──────── SUPPLIED MATERIAL ────────

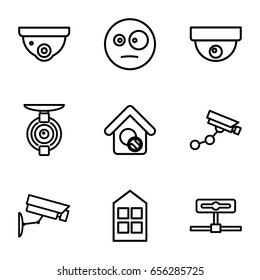 Looking icons set. set of 9 looking outline icons such as window, security camera, security camera, home search
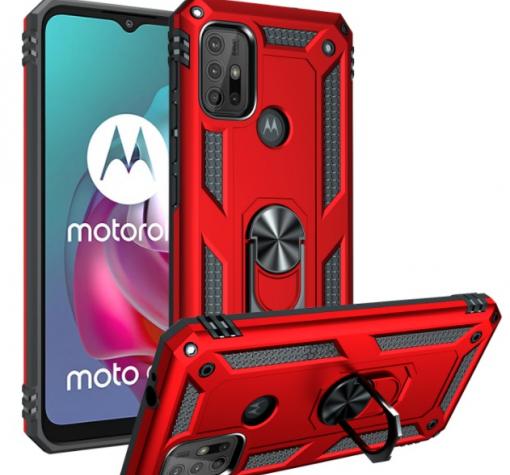 Силиконов гръб Spigen със стойка и магнитно захващане за Motorola Moto G50 – червен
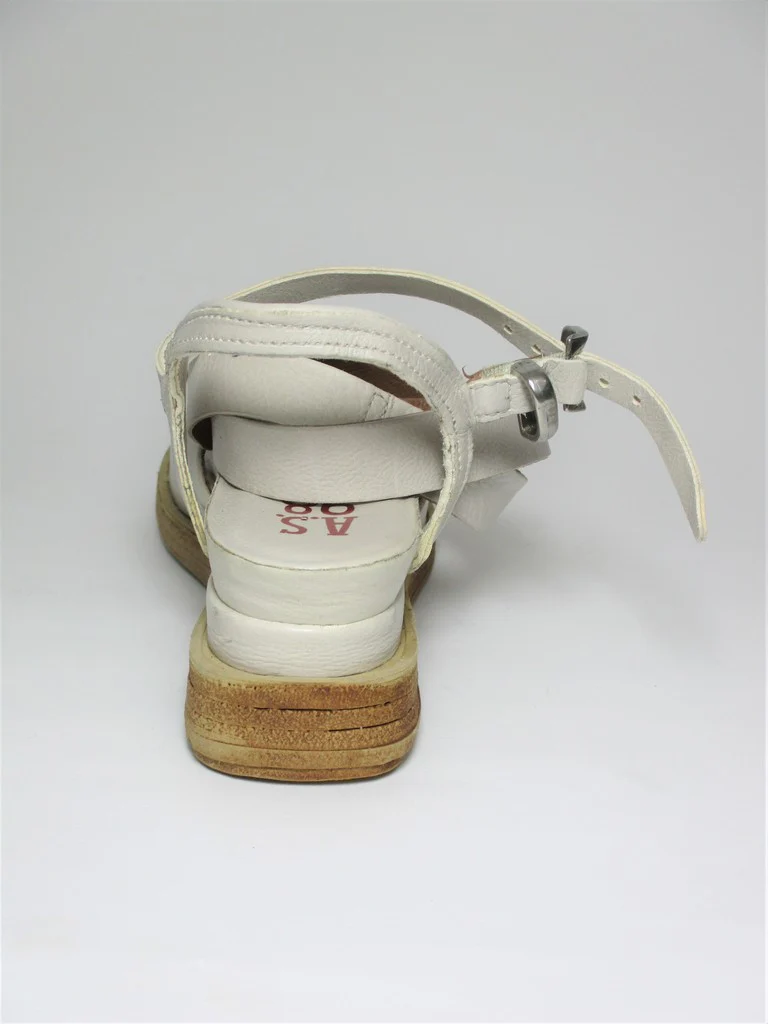 Zeppa pelle donna AS98 A15006 Bianco - immagine 6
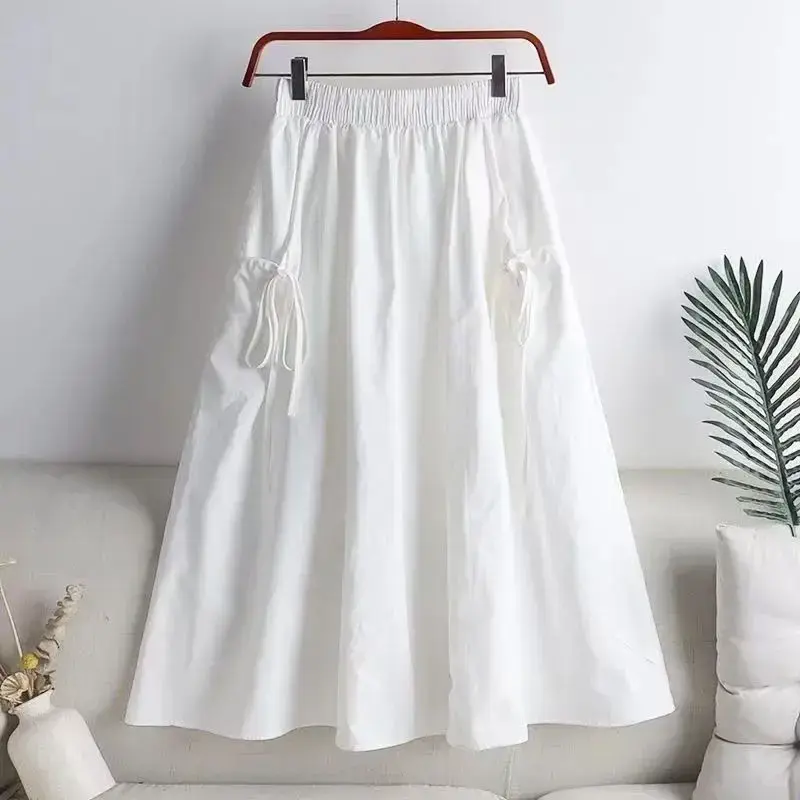 2024 New Women's Summer Korean-Style Solid Color Medium-Length Plus Size A- Line Skirt With Drawstring Pocket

────────

§ WHAT THE EXERCISE ASKS
Pass over the images and copy the rest of the material above exactly.

§ THE COMPLETED TASK
 Looking icons set. set of 9 looking outline icons such as window, security camera, security camera, home search
 Силиконов гръб Spigen със стойка и магнитно захващане за Motorola Moto G50 – червен
 Zeppa pelle donna AS98 A15006 Bianco - immagine 6
 2024 New Women's Summer Korean-Style Solid Color Medium-Length Plus Size A- Line Skirt With Drawstring Pocket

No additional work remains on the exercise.